15 March 2019

Wedding vows - to "love, cherish and obey.”

Modern Wedding Vows:

Often included in traditional wedding vows, the portion that requires women to “obey” their husbands is rooted in centuries-old Christian beliefs and social rules. As women gained greater freedoms, the subservient word has become a controversial topic. Although few couples opt to include "obey" in their binding vows, some view the word as an important part of the marital relationship. 

Roman Origins

Historians note that the original wording that required women to obey their husbands likely originated among the ancient Romans, who viewed females as the property of first their fathers than their husbands.  As the seat of Christianity, this social rule traveled from Rome to other regions of Europe, maintaining its status quo from the Middles Ages until the women's suffragist movement. 

Biblical Origins

The most commonly cited reason for including the word obey in the wedding vows comes from Ephesians 5:21-24: "Submit to one another out of reverence for Christ. Wives, submit yourselves to your own husbands as you do to the Lord. For the husband is the head of the wife as Christ is the head of the church, his body, of which he is the Savior. Now as the church submits to Christ, so also wives should submit to their husbands in everything."

Religious Origins

Despite common misconceptions, the word obey does not appear in Catholic wedding vows.
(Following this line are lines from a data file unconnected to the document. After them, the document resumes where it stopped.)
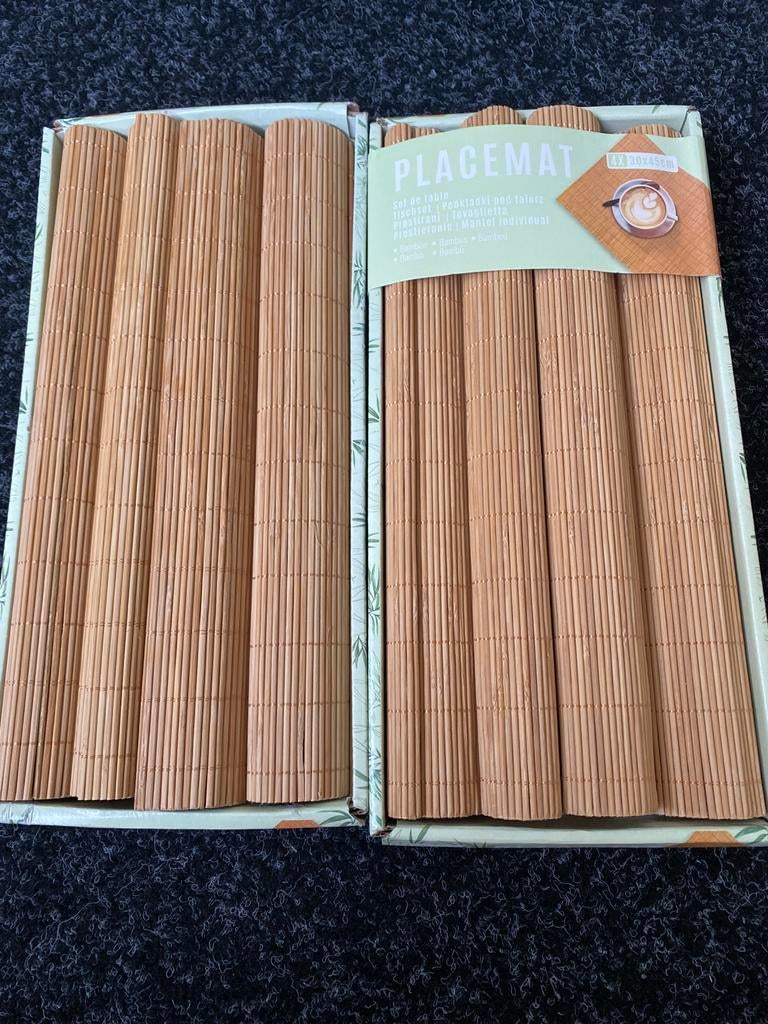 Nieuw placemat 8 x, Ophalen of Verzenden, Zo goed als nieuw, Rvs of Chroom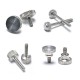 Diamond Knurled Cheese Head Thumb Screws - M1.6-M10 Stainless Steel 304/316 Resistant to Rust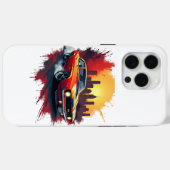 Graffiti Burnout Muscle Car Phone Case (Rückseite (Horizontal))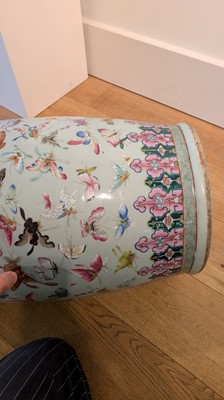 Lot 3 - A pair of large Canton 'butterfly' vases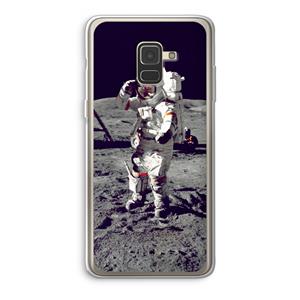 CaseCompany Spaceman: Samsung Galaxy A8 (2018) Transparant Hoesje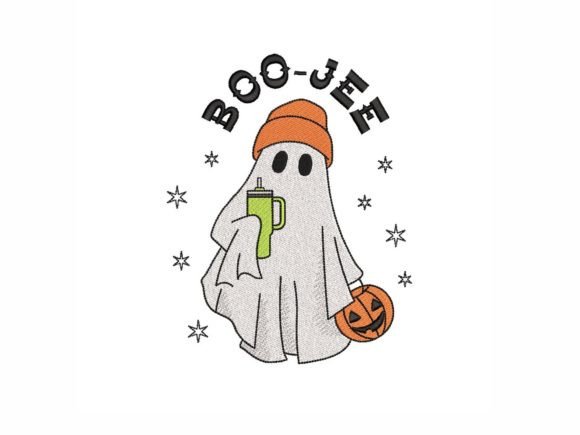 Boojee Ghost: A Craft Fair-Ready Halloween Embroidery Design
The word was introduced by the Church of England in 1549 when it released its first Book of Common Prayer. The Reformed Catholic Church required grooms to promise to "love, cherish and worship" and brides to pledge to "love, cherish and obey.”

The women’s suffragist movement achieved sweeping changes, including encouraging the Church of England to offer an alternative to the biased vow in 1928. An updated yet unauthorized version of the Book of Common Prayer suggested that the bride and groom could recite the original vows or both promise to simply “love and cherish” each other.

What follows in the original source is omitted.